Unsurprisingly the HSBC deal has been welcome in the start-up and venture capital world. Venture capitalists had warned that start-ups and tech businesses faced an existential crisis without a rescue deal because they would not be able to access their cash…
To give you an insight into the scale of the problem that the collapse of SVB could have caused, I have counted 57 different statements from listed UK companies on Monday morning about the issue…
Many of these statements are from tech businesses reassuring investors that they have no exposure to the bank. For instance, there is this from THG, the Manchester-based company:
THG PLC ("THG" or the "Group"), the proprietary technology platform specialising in taking brands direct to consumers ("D2C") globally, notes the evolving situation in relation to Silicon Valley Bank ("SVB").

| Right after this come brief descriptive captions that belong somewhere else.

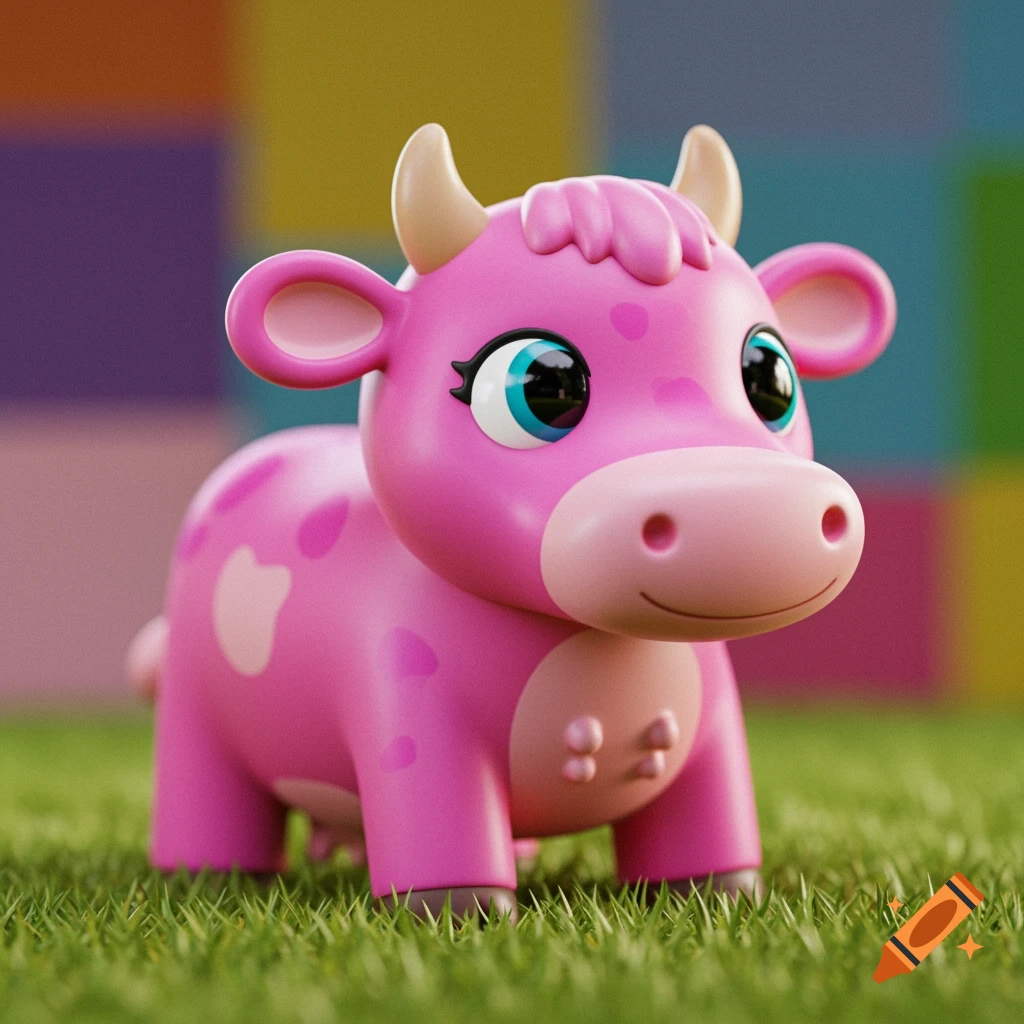 A pink toy cow stands in grass with a colorful background.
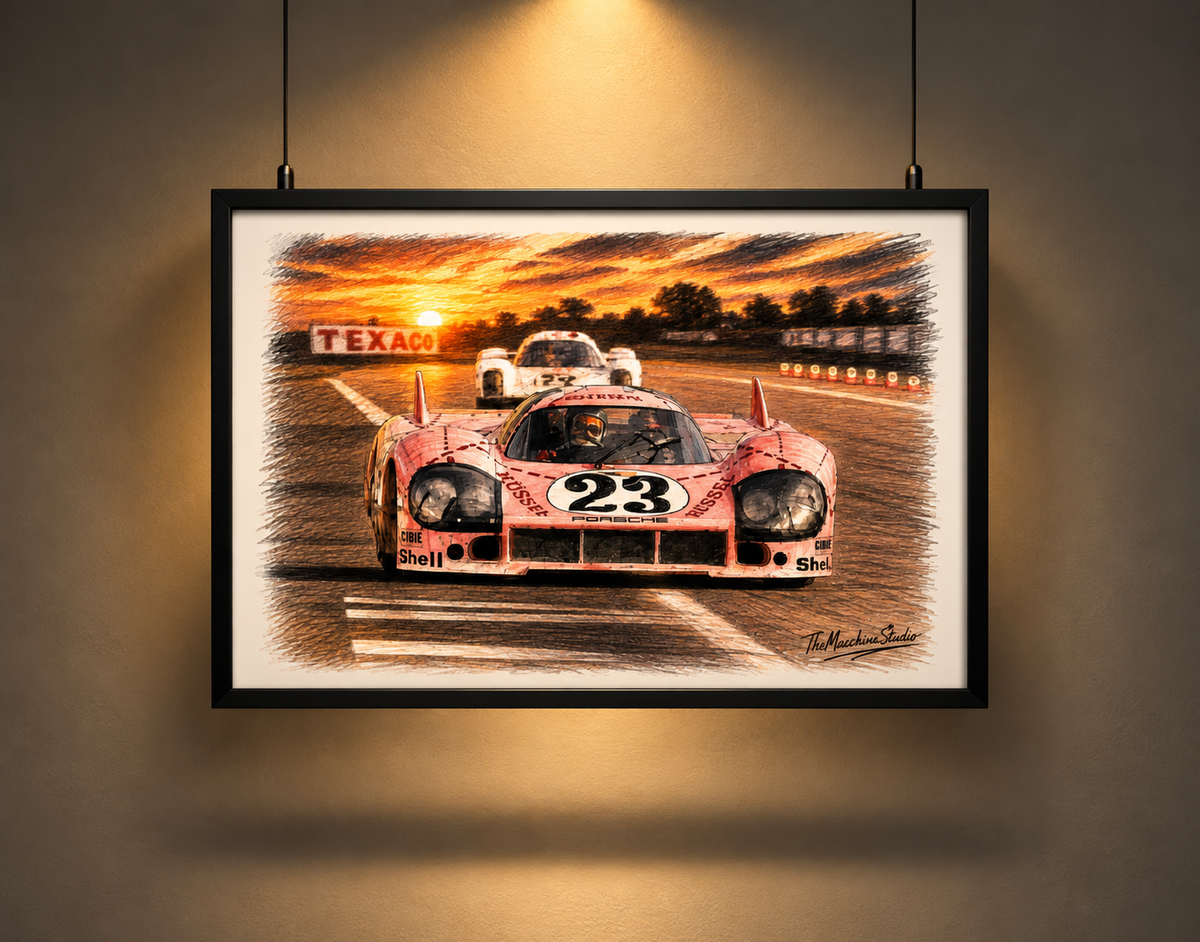 917 Pink Pig Fine Art illustration Poster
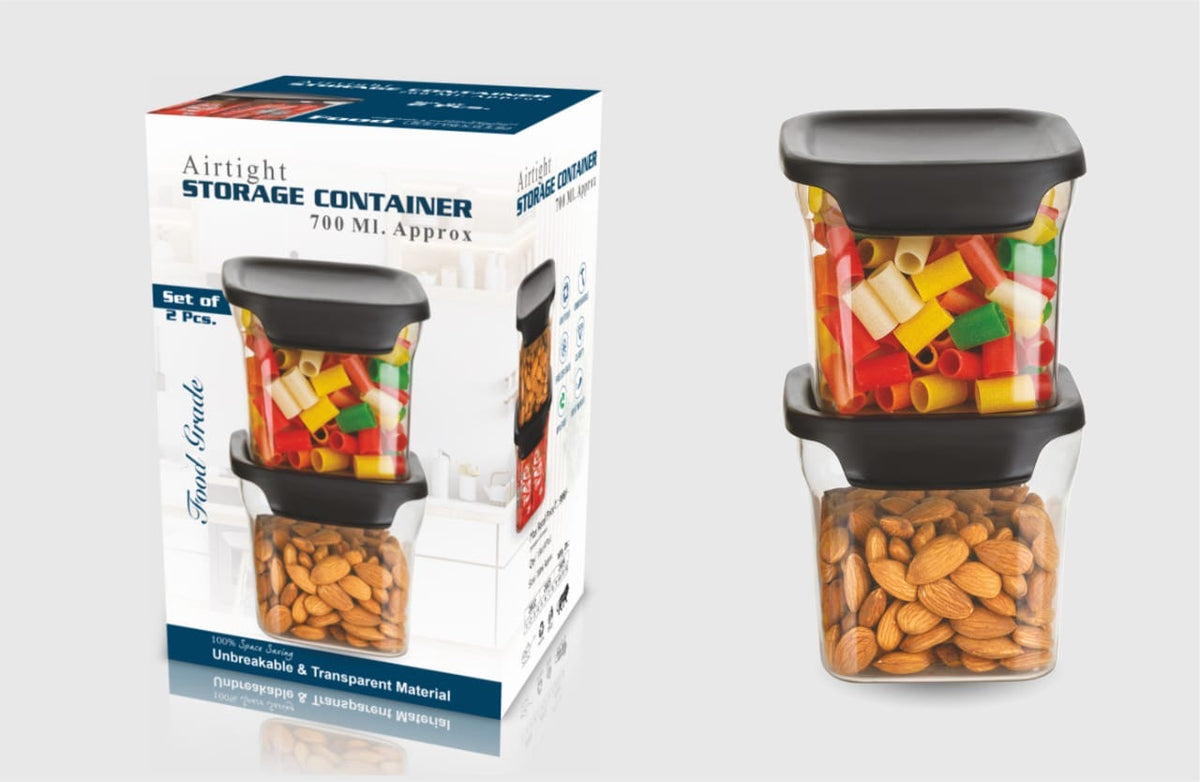 Airtight Unbreakable Transparent Food Storage Container Set of 2 (700 ml)
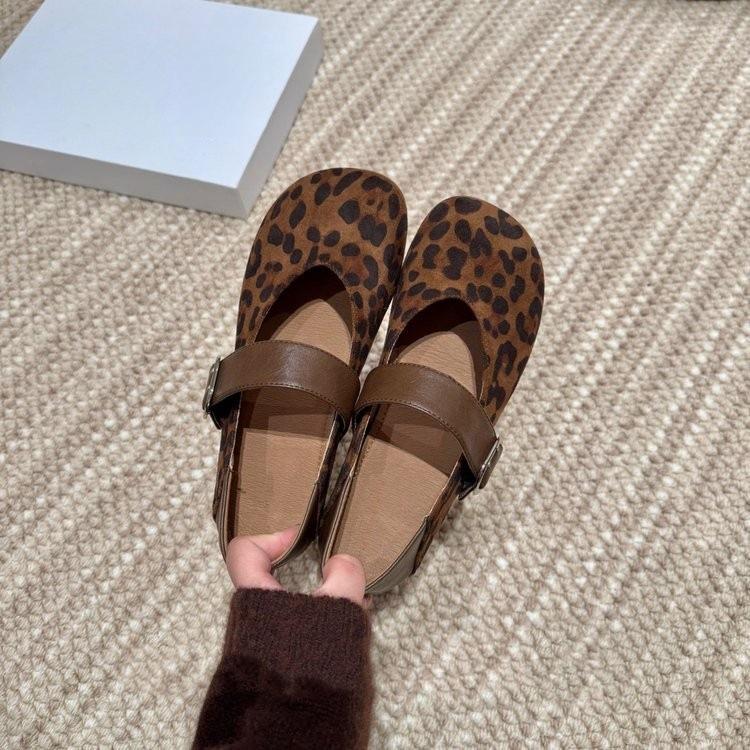 Autumn retro leopard print Birkenstocks shallow mouth single shoes one-button mango head Mary Jane Doudou shoes ballet shoes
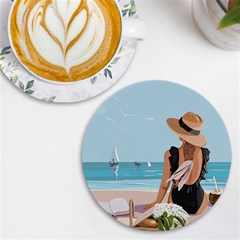 Rest By The Sea Uv Print Round Tile Coaster by SychEva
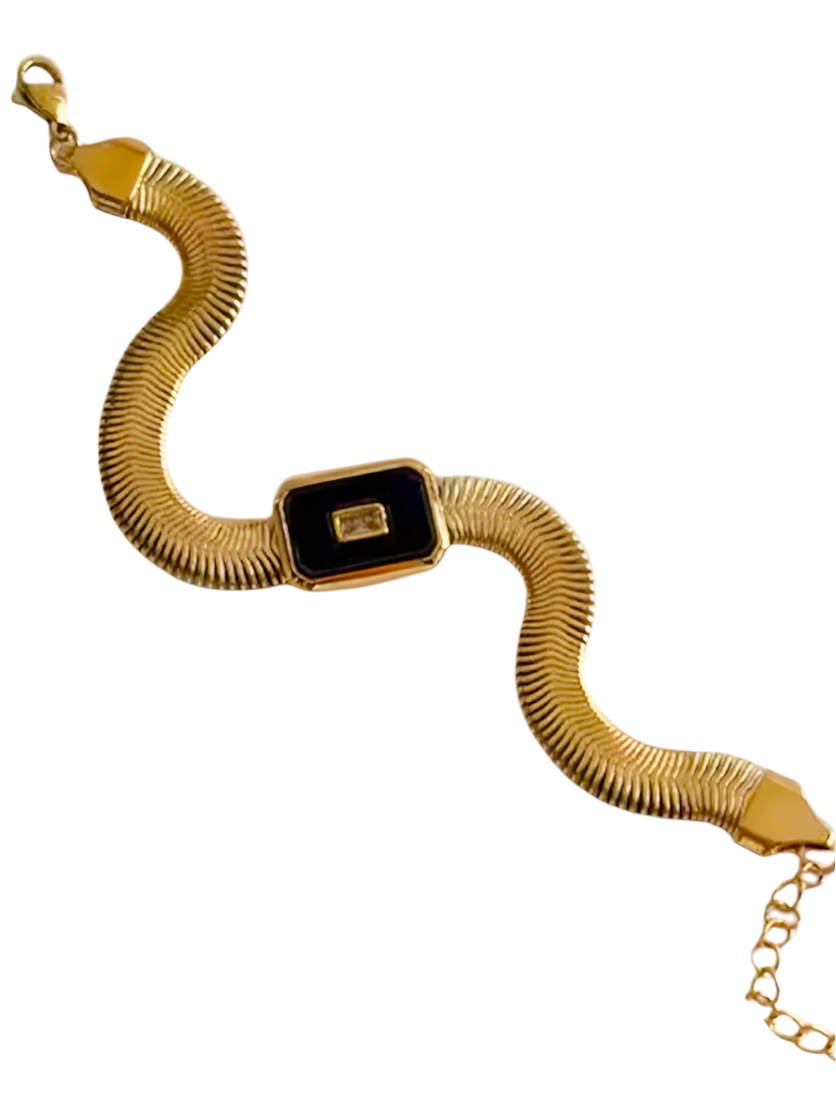 Marigold Black Enamel Bracelet | Stainless Steel Gold Plated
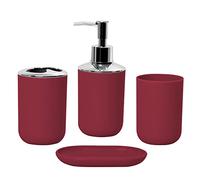 Hosoncovy Set di 4 accessori da bagno con dispenser per sapone, tazza da bagno, portasapone, spazzolino da denti e dentifricio (rosso)
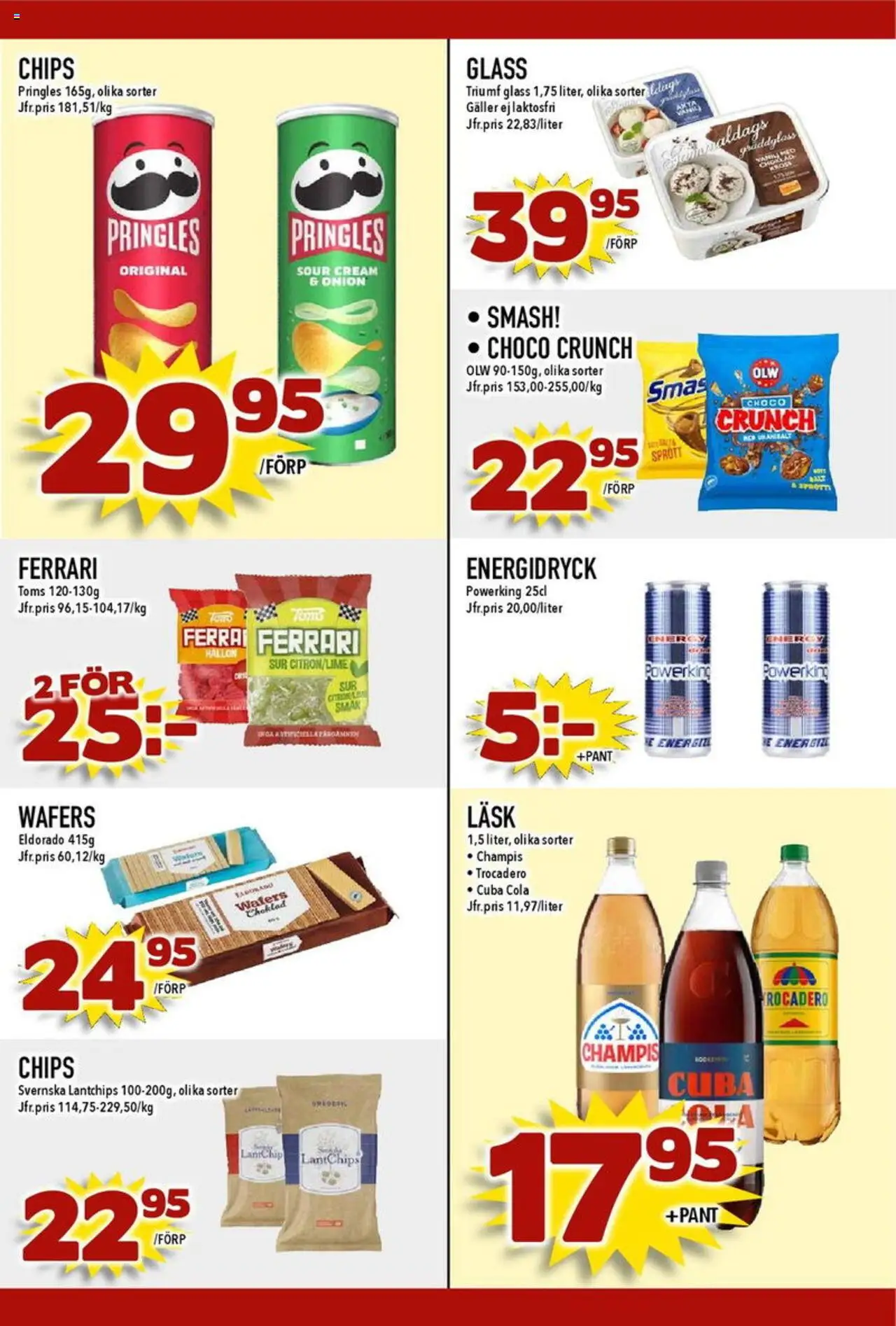 Matdax reklamblad aktuell från 23.06.2025 | Sida: 20 | Produkter: Pringles, Choklad, Energidryck, Glass
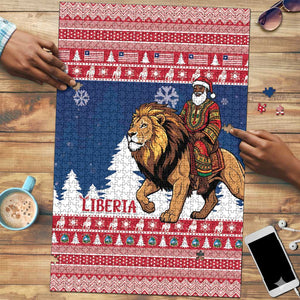 Liberia Christmas Puzzle Black Santa Riding Lion - Merry Christmas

THG confirms that it does not have any exposure to SVB, either in relation to cash deposits or debt facilities
However, some do have exposure. This includes Trustpilot, the online review service, which said that SVB was its “principal banking partner”. It added:
Our immediately accessible cash is $24 million, made up of $19 million cash on deposit with another bank, $4.5 million guaranteed by the US Federal Reserve following their announcement on 12 March, and amounts due to be returned under the guaranteed deposit insurance schemes in the UK.
The Board is confident in Trustpilot's' liquidity position and resilience. Meanwhile, we have put in place measures to proactively manage our cash position during this period of uncertainty, and wider unpredictability in the current macroeconomic environment.
Shares in Trustpilot are down 4 per cent on Monday morning. Naked Wines, the online wine retailer, also said that SVB was one of its banking partners but that it thinks just £0.6 million of the £32 million of cash it has is at risk. Its shares are also down about 4 per cent. Statement here.
I briefly summarised the story behind the collapse of Silicon Valley Bank in the Sunday press review (which you can find here). SVB is the biggest bank failure since the financial crisis. It was only the 18th biggest bank in the US but had $200 billion of assets and lent to thousands of tech businesses, including in the UK.
In simple terms SVB collapsed because its customers - tech businesses and founders - withdrew money quickly and the bank didn’t have the funds to pay them because it had suffered losses on the bond market.
SVB was vulnerable to some specific issues because it served start-ups. Start-ups tend to raise cash by selling shares to investors. They are not necessarily suitable for loans because they are yet to generate the cash flow to pay them back or build the assets to offer as collateral. Therefore, SVB was used by many start-ups as a place to hold the cash they had raised but not get loans.
So SVB invested these deposits in, among other places, government bonds. When interest rates rose it had a problem for two reasons. Firstly, struggling start-ups needed their money back and secondly, the value of SVB’s investment in government bonds fell. As concerns about SVB rose, venture capital investors urged the start-ups they had invested in to get their cash out of the bank, exacerbating the problem.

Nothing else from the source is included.